Writer: Jane Moorman, 505-249-0527, email@example.com
Being in 4-H is more than raising livestock, baking cookies and riding horses. It is a tried and true youth development program that introduces youth to being leaders, which in turn is preparing them for the rest of their lives.
The New Mexico 4-H leadership team of state officers, ambassadors and diplomats would like other youth to get involved in local clubs. To help motivate their fellow 4-H members to attend the annual state leadership conference, the team will sponsor a band at the state conference to add to the fun of the weekend event.
"State leadership conference is when kids from across the state come together to learn how to develop their leadership skills," said Augusta Ahlm, state secretary from Raton.
"We have thought of ways to get kids to come to the state conference and one idea was to have a dance with a live band," said Courtney Hurt, state ambassador from Deming. The last night of the State 4-H Conference, which will be held July 12-16 in Las Cruces, will have a dance with live music.
To pay for the band, the leadership team spent a weekend in Albuquerque working on a fundraising project.
One activity combined a service project with making money as the 14 youth filled home safety information kits for the Southwest Border Food Safety and Defense Center. The orange knapsack bags are filled with informational literature about food safety and agricultural and bio-terrorism safety.
The second project turns a craft activity into cash.
As the youth worked on the project, they talked about what they have learned through 4-H, including leadership skills.
"We think it is very important that high school kids develop leadership skills," said Ahlm. Hurt agreed that 4-H gives members the skills to be the leaders of tomorrow.
"4-H is a good way to experience and learn things and stay out of trouble," said Brandi Smith, ambassador from Aztec. "You learn leadership skills that you will need to be successful in life."
For Garrett Schmidt, state song and recreation leader from Corrales, taking a leadership role in his local club, county 4-H council and at the state level has taught him the importance of patience. "A calm leader is a good leader. You have to have an even keel and a steady mind-set in order to work diligently," he said.
Chelsea Rodriquez, state ambassador from Animas, said she has learned how to speak in front of people and to voice her opinion. "By serving as a club and county officer, I've learned how to run meetings and be a leader," she said. To her, being a leader means supporting everyone and helping them accomplish their goals.

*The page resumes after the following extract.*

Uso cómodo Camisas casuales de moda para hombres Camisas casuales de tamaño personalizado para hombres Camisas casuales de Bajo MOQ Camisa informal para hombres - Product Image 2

Savannah Arrey, state diplomat from Las Cruces, added that she has learned from her leadership positions that she is "a role model to every little kid for them to become something in life. Being a leader means helping them pursue their dreams."
Through the leadership roles she has taken in 4-H, Taylor Whitney, state diplomat from Dexter, says she has gone out of her comfort zone to help people realize what 4-H is all about.
The youths also discussed what they gained from being in 4-H. Georgia Mitchell, state vice president from Tucumcarri, said "4-H is great because you get an opportunity to meet people from all over the state. You get to choose projects that interest you and develop skills by doing the projects."
Chelsea Fons, state diploma from Hobbs, said she has gained "a plethora of things, including leadership skills, how to get along with people, public speaking and how to lead a group."
"I have been able to gain experience that I can share with other 4-H members to get them started in the right direction to be a better leader than I am today," said Brad Cosper, state diplomat from Los Lunas.
Jeremy Witte, state ambassador from Las Cruces, added "4-H has given me a good foundation for anything I want to do."